- [Aim of the exercise]:
Nothing but the text belongs in the answer: the listing below, copied exactly, without pictures.

- [Extracted entries]:
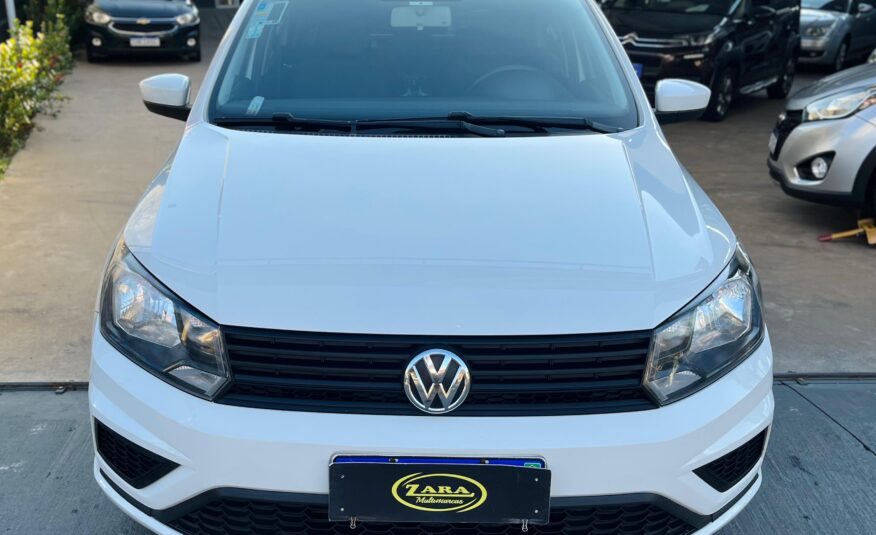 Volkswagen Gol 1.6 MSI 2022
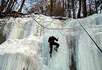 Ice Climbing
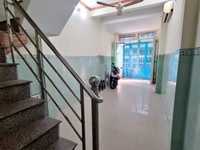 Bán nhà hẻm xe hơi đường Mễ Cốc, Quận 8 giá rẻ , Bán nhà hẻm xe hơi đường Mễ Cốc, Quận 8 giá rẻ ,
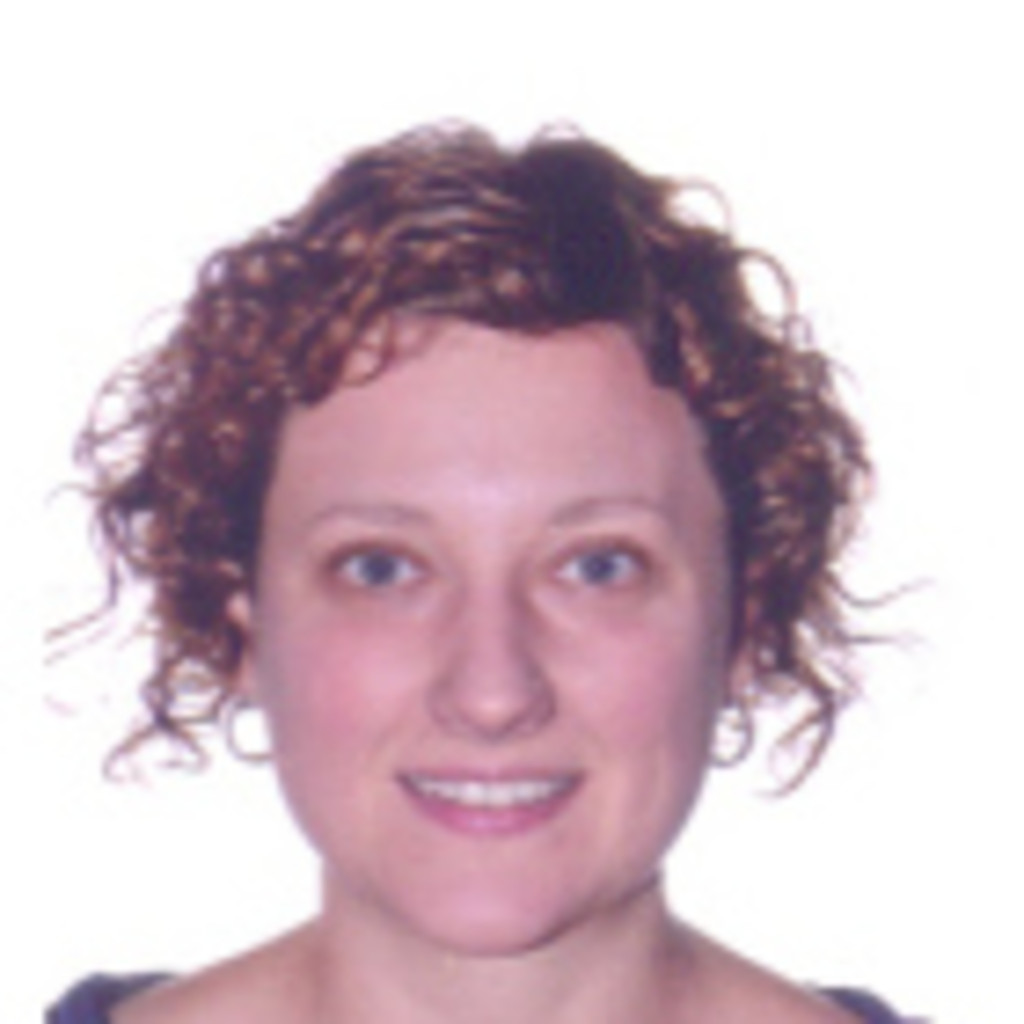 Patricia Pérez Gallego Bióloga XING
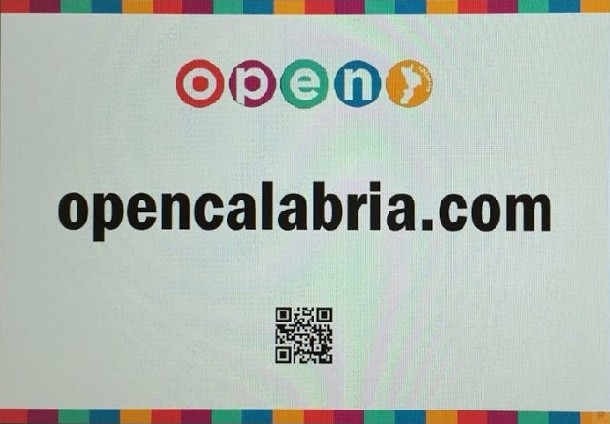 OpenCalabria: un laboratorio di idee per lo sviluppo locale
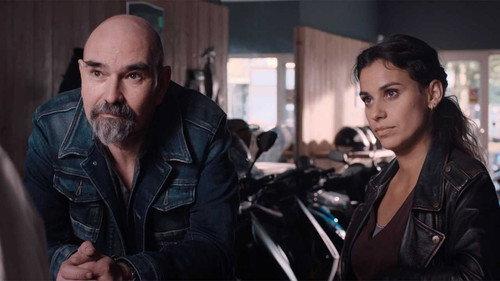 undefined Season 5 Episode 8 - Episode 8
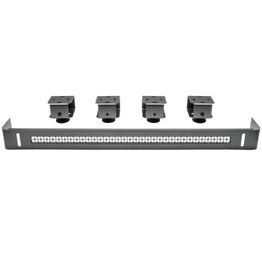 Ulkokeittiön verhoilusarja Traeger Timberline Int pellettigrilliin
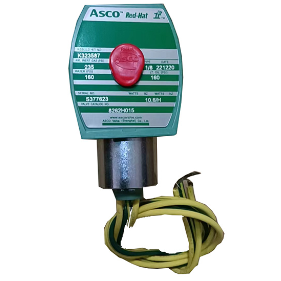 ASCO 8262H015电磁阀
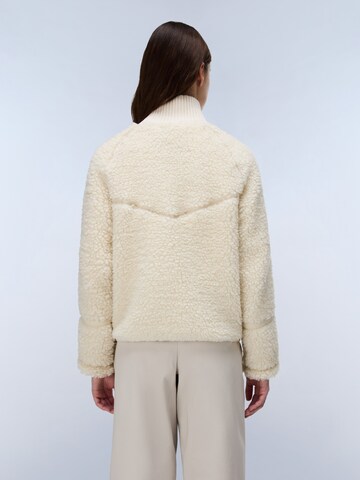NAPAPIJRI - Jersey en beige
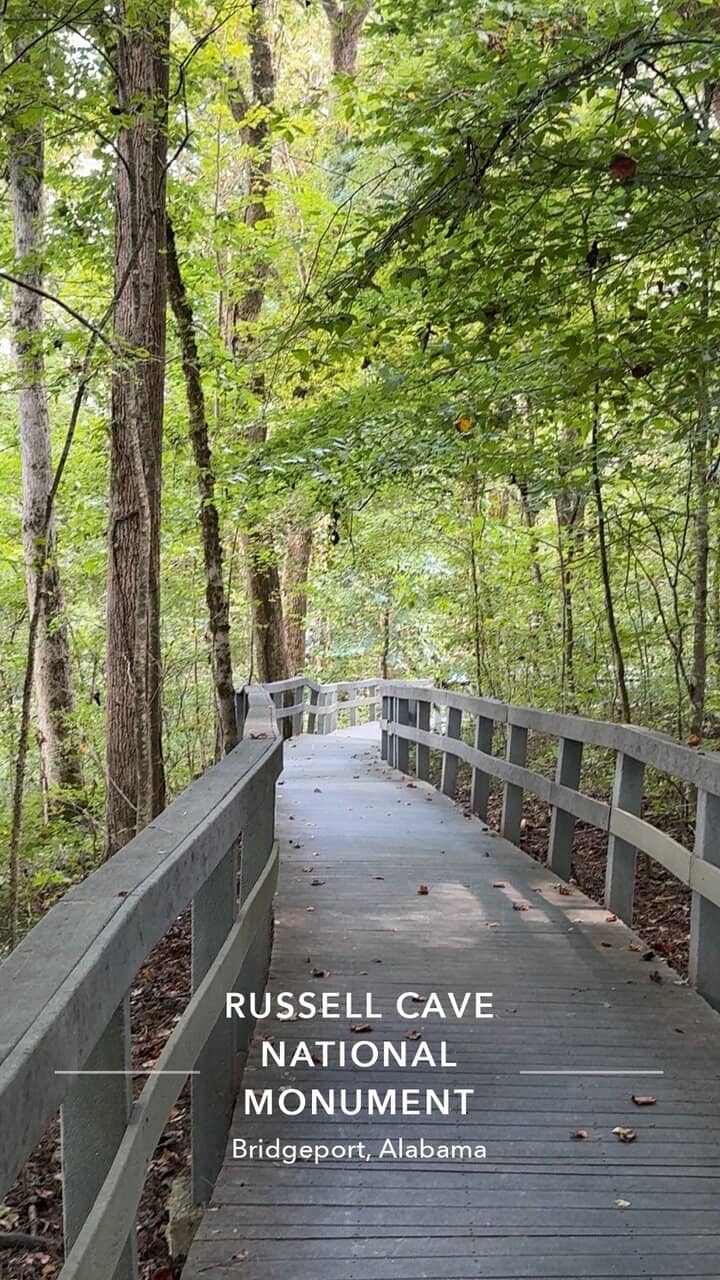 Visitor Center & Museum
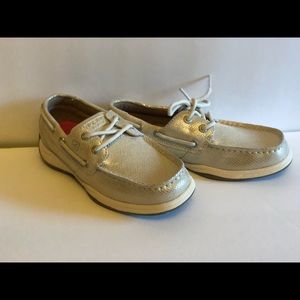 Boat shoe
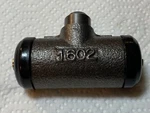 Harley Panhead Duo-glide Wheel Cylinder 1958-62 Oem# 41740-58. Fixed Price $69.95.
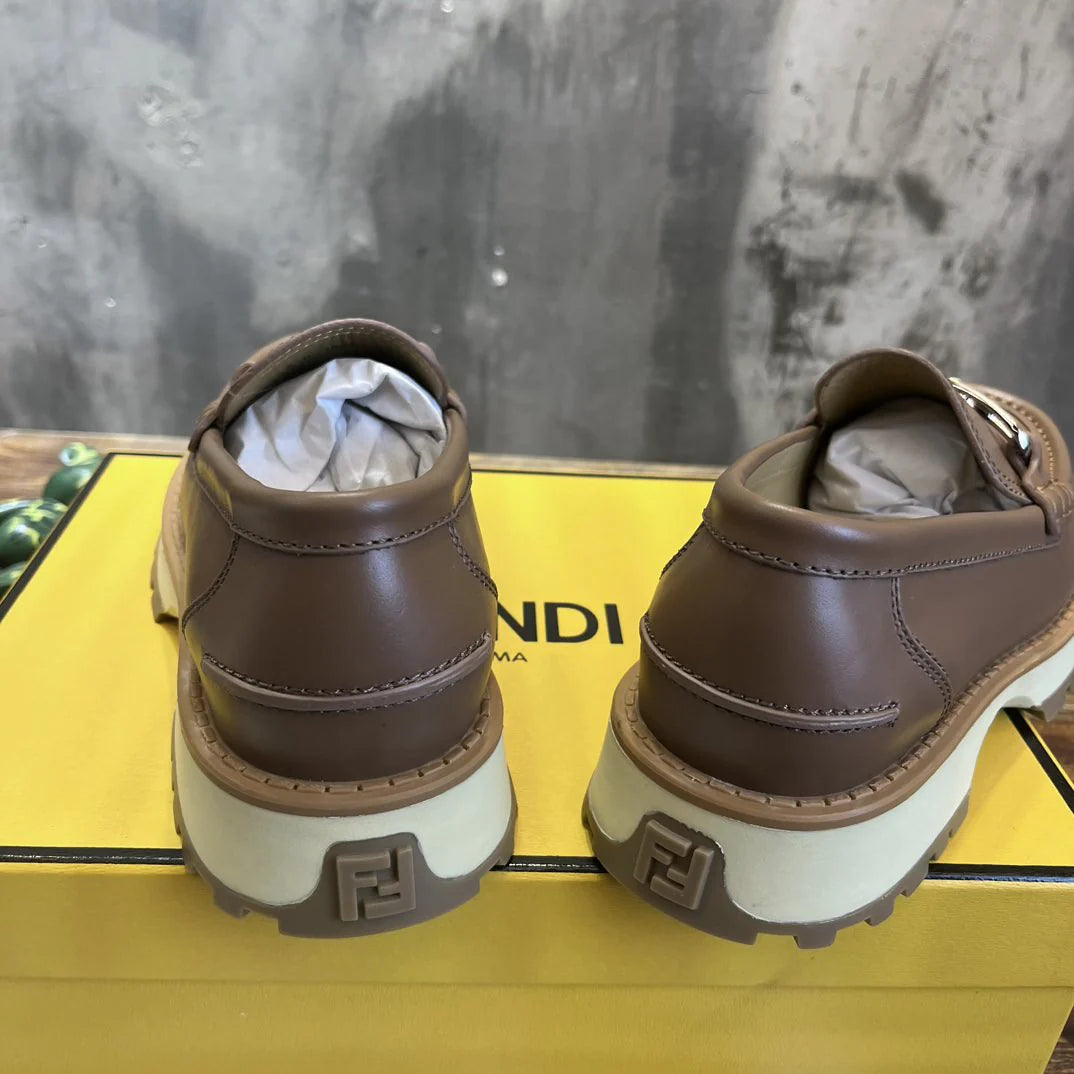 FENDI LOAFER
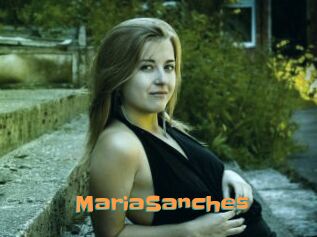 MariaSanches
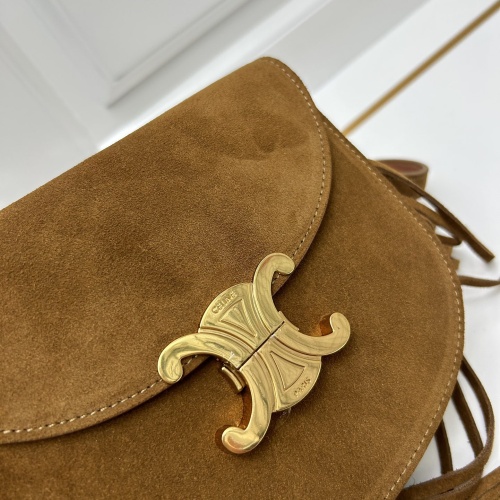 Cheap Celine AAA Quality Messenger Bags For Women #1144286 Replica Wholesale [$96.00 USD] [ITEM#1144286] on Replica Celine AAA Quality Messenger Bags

- [Response]:
 Volkswagen Gol 1.6 MSI 2022
 Ice Climbing
 Bán nhà hẻm xe hơi đường Mễ Cốc, Quận 8 giá rẻ , Bán nhà hẻm xe hơi đường Mễ Cốc, Quận 8 giá rẻ ,
 Patricia Pérez Gallego Bióloga XING
 OpenCalabria: un laboratorio di idee per lo sviluppo locale
 undefined Season 5 Episode 8 - Episode 8
 Ulkokeittiön verhoilusarja Traeger Timberline Int pellettigrilliin
 ASCO 8262H015电磁阀
NAPAPIJRI - Jersey en beige
 Visitor Center & Museum
 Boat shoe
 Harley Panhead Duo-glide Wheel Cylinder 1958-62 Oem# 41740-58. Fixed Price $69.95.
 FENDI LOAFER
 MariaSanches
 Cheap Celine AAA Quality Messenger Bags For Women #1144286 Replica Wholesale [$96.00 USD] [ITEM#1144286] on Replica Celine AAA Quality Messenger Bags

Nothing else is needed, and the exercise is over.